Berkeley, December 6: "It is our duty to fight for our freedom"

Police Repeatedly Stop, Corral and Attack Student Protesters in the Home of "Free Speech"—but the People Stay in the Streets

December 10, 2014 | Revolution Newspaper | revcom.us

 

From a reader:

Protesters stand off against police on Telegraph Ave. near the UC Berkeley campus, December 6. Photos: Above: Telly Channing, Below: Special to revcom.us

Several hundred protesters gathered in Sproul Plaza on the University of California Berkeley campus on Saturday night to join with the massive nationwide outcry against the decisions not to indict the police who killed Michael Brown and Eric Garner. Shouts of “Black Lives Matter!” filled Berkeley as the march took off down Telegraph Ave, soon growing to around 1,000. The march followed an action on Thursday by the Black Student Union on campus shutting down the Golden Bear Cafe on the campus.

The demonstrators held signs: “We are all one bullet away from being a #” and “It is our duty to fight for our freedom.” One student carried a sign with a quotation from Franz Fanon, “We revolt because we can no longer breathe,” drawing a link to Eric Garner’s dying words.
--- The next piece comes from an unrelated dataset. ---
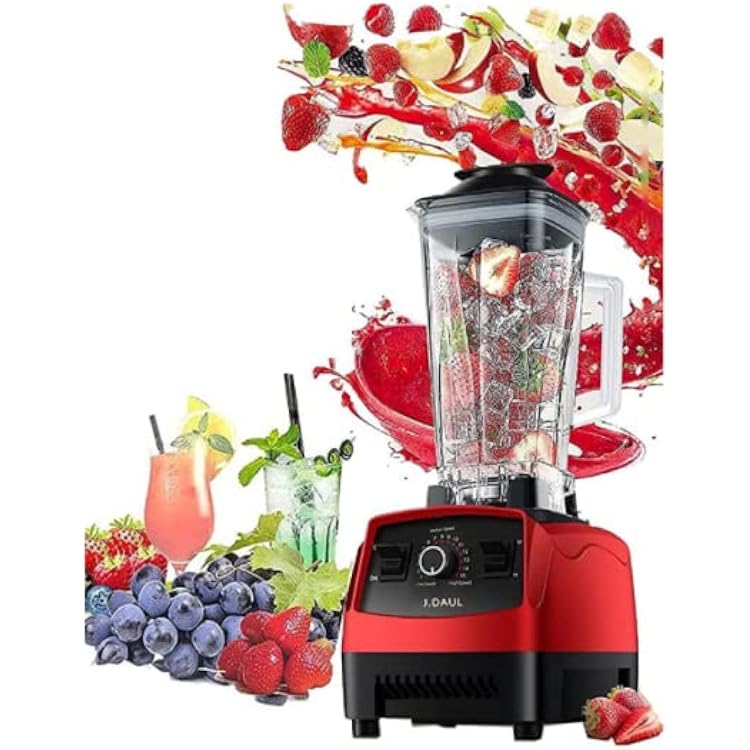 Powerful 4500-Watt Professional high speed Blender, Personal Blender for Shakes and Smoothies, High-Power Juice, Soups, Stainless Steel Blades, Easy Self-Cleaning, RED, 15 Gear, FFDG546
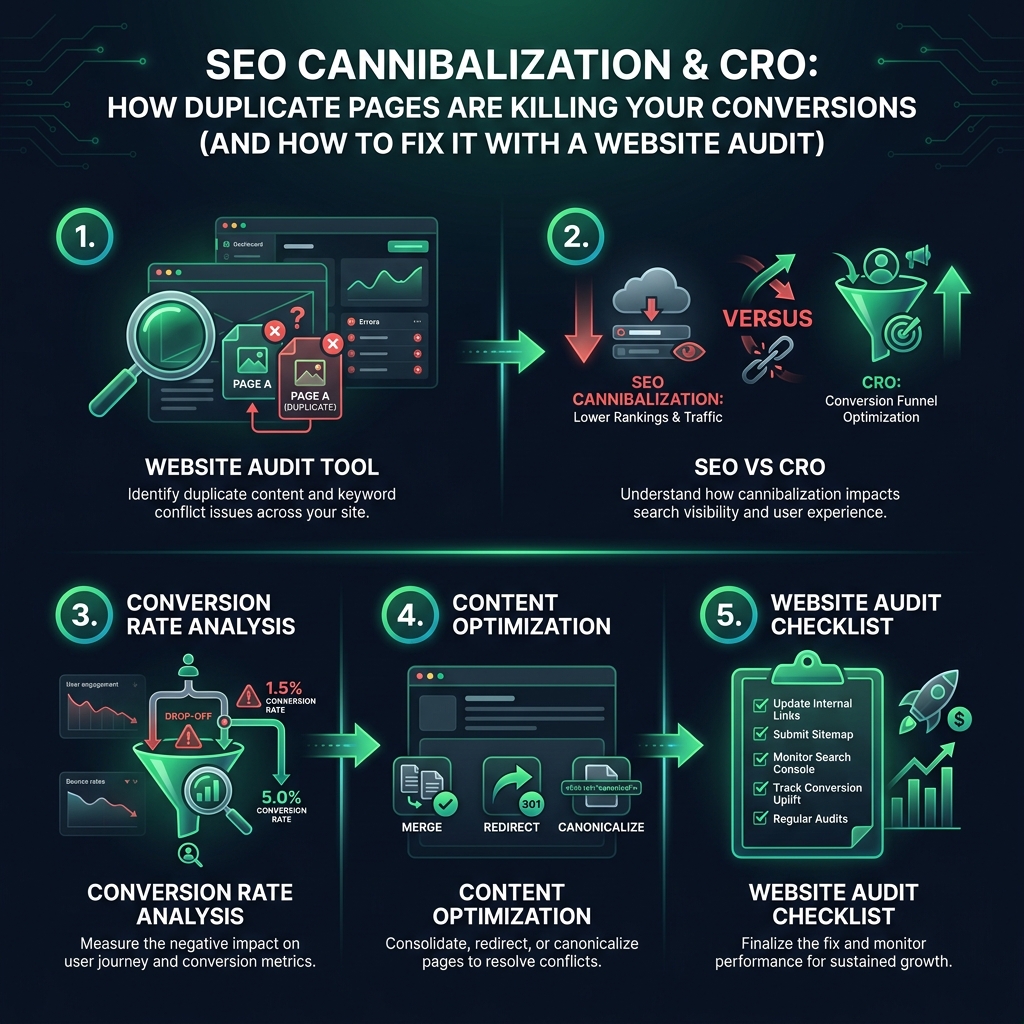 SEO Cannibalization & CRO: How Duplicate Pages Are Killing Your Conversions (And How to Fix It with a Website Audit) infographic showing website audit tool, SEO vs CRO, conversion rate analysis for digital marketing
“I’m here because it’s not possible for me to sit down while my people are killed,” a Black freshman at Mills College in Oakland who was at the protest told the Daily Californian. “It seems like no one…understands what it’s like. Nobody gets why I’m angry all the time. I cried when I heard that (the officer who shot Michael Brown) wasn’t indicted. It made me feel unsafe.”

Protesters also denounced the death of Kayla Moore, a transgender woman who died in police custody in Berkeley last year, and the abduction of 43 students by police in Mexico.

After marching down Telegraph Avenue they went to downtown Berkeley and staged a die-in at a busy intersection. Many of the shoppers and movie goers expressed their support for the protest, raising arms, chanting, etc. The next stop was the Berkeley police station. There, while some protesters stood in front of riot police with their hands raised, “don’t shoot”-style, others performed a dance and still others sat down in the street in front of the police station singing a calls and response version of an old civil rights protest song, “Which side are you on?” (“freedom's side”)

When protesters continued the march, police suddenly massed and blocked the street with scores of riot equipped officers. Police clubbed demonstrators, knocking several older folks to the ground with their clubs. A few minutes later, police fired smoke bombs and flash grenades into the crowd of protesters. 

People broke through the line, and marched down University Avenue toward Interstate 80. At the bottom of University near the freeway ramp a line of riot police blocked the march. The media reported that more than 100 police from all over the Bay Area were called in to reinforce Berkeley’s cops.

As the march continued, lines of police repeatedly blocked its path. The protest was broken into smaller chunks and forced on dark residential streets. The people, many very new to protests, were determined and creative, scaling fences, to get back on the main Berkeley artery.

For hours the area around the campus was an intense scene of protest, teargas and pigs. Some of the march had made it back and many more came to join the protest. There was a tense standoff at the corner of Channing and Telegraph. Walls of riot police with gas masks formed a ring around the intersection facing out at students on all four sides –a brutal but fearful occupying army. Students were chanting “Eric Garner, Michael Brown. Shut it Down. Shut it Down!”

Many students were enraged, some terrified, some crying, others joining the chants, processing the shock of seeing the real nature of the enforcers up close for the very first time. Some had even been unaware of the nationwide outrage surrounding the police murders of Eric Garner and Michael Brown. One white student observing the scene asked, “What are you trying to accomplish, why here, why not go to the State Capitol?” A slightly older Black student explained that the courts didn't work, the police kept killing people, and so people need to be in the streets, where they could be heard.” 

Many were enraged at the repression—they chanted “Hey hey, ho ho, the police state has got to go.” Police declared the assembly unlawful and later surged at the crowd. Police used tear gas against protesters on Telegraph Avenue also gassing those returning from a concert at Zellerbach Playhouse on the campus as well as people inside stores. Some people were hit by rubber bullets. When some sought refuge in the passageway where Revolution Books and other stores are located, the police shot teargas inside. Police continued to repress the protesters, blocking them, threatening them, splitting them up, while protesters continued to resist. The last protesters were reportedly dispersed around 3 a.m.